Interesting solution, maybe using an undefined algorithm in dispatcher functions helps, since it will use the first entry, and if failover is turned on, the next addresses will be loaded in AVP list -- no need for choosing the round robin. Adding a new id for an algorithm of selecting the destinations in the order they are in the list sounds like a good idea.
On the other hand, the plan is to have th DNS failover available in the next major release, 1.2.0.
Cheers, Daniel
On 01/12/07 18:46, T.R. Missner wrote:
We are currently working on bit of a hackish way to honor SRV records. Please poke holes as appropriate.
We will run a separate process that looks up a SRV record and then generates local A records based on the results. Using the dispatcher module in a similar fashion to what Christian describes below we then dispatch to the pre agreed upon domain, resolved locally. When the SRV results change we resolve the pre agreed domain to reflect the change.
Example:
SRV returns 2 A records
server1.carrier.com priority 1 resolves to 4.5.6.7 server2.carrier.com priority 2 resolves to 5.6.7.8
We then build a fake local domain to match server1.carrier.fake 4.5.6.7 server2.carrier.fake 5.6.7.8
The dispatcher list looks like this:
1 server1.carrier.fake 1 server2.carrier.fake
Now openser will always pick the first server and fail to the second server using the mechanism Christian describes.

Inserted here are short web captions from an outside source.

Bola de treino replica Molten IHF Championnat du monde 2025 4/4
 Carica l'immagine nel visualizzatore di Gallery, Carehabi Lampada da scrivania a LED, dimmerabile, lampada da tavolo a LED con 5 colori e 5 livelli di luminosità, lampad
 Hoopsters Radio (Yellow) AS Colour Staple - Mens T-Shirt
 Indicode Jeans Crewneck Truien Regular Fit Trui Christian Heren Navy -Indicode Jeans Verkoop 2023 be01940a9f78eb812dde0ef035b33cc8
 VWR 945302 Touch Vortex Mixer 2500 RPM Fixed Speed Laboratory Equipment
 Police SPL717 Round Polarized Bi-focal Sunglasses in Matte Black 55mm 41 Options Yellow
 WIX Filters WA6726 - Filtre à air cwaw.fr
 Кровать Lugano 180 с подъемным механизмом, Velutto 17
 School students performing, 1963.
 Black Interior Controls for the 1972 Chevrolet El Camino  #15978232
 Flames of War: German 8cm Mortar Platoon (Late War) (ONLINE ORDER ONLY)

At some predefined interval our external process will check the SRV record of the carrier. Let's say it has now changed where server1 is priority 2 and server2 is priority 1 ( reversed from before). The external process updates our local DNS to resolve server1.carrier.fake to 5.6.7.8 and server2.carrier.com to 4.5.6.7
In this manner using an external process and local DNS ( in our case we use DJBs tinydns ) we are honoring dynamic priority changing in SRV records with openser.
This is still a work in progress. Will update once we have it up and running.
Couple of caveats, we assume the number of records returned from the SRV lookup will be consistent, since we have to build the same number of fake domains. Also we assume we are dealing with priority routing not round robin, though round robin would work, only the dispatcher algorithm would need to change.
T.R.
On 1/11/07 11:36 AM, "Christian Schlatter" cs@unc.edu wrote:
Staffan,
Kerker Staffan wrote: ...
Now, if I disable one of the Gateways, I hang every second call. OpenSER does not try the second A record address if the first doesn't answer. How can I solve this? Shouldn't OpenSER fail over to the second A record listed in the NAPTR => SRV resolving? Or will OpenSER continue to resend all SIP INVITES until timers fire? Would it help if the proxy recieved an ICMP port/destination unreachable from the network? Is there anyway to get around this? In the other direction, from POTS to sip, the PGW2200 nicely switches over to the second of my two OpenSER servers if I shut one of them down. These servers have the same DNS entries (but for another SIP domain, NAPTR => SRV => 2x A record).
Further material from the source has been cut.